*Exercise details*. In the listing below, find the line containing "Ajax empató ante Eagles" and the line containing "6251 Vintage 9ct". Repeat exactly those two lines and every line between them, nothing more.

*Supplied material*.

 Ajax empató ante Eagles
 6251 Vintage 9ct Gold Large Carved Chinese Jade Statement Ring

* * *

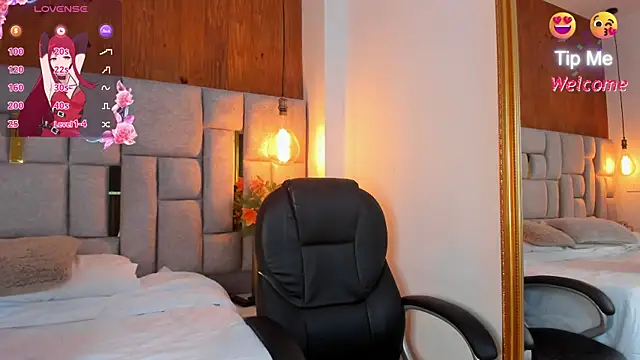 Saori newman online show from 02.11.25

*Task solution*.
 Ajax empató ante Eagles
 6251 Vintage 9ct Gold Large Carved Chinese Jade Statement Ring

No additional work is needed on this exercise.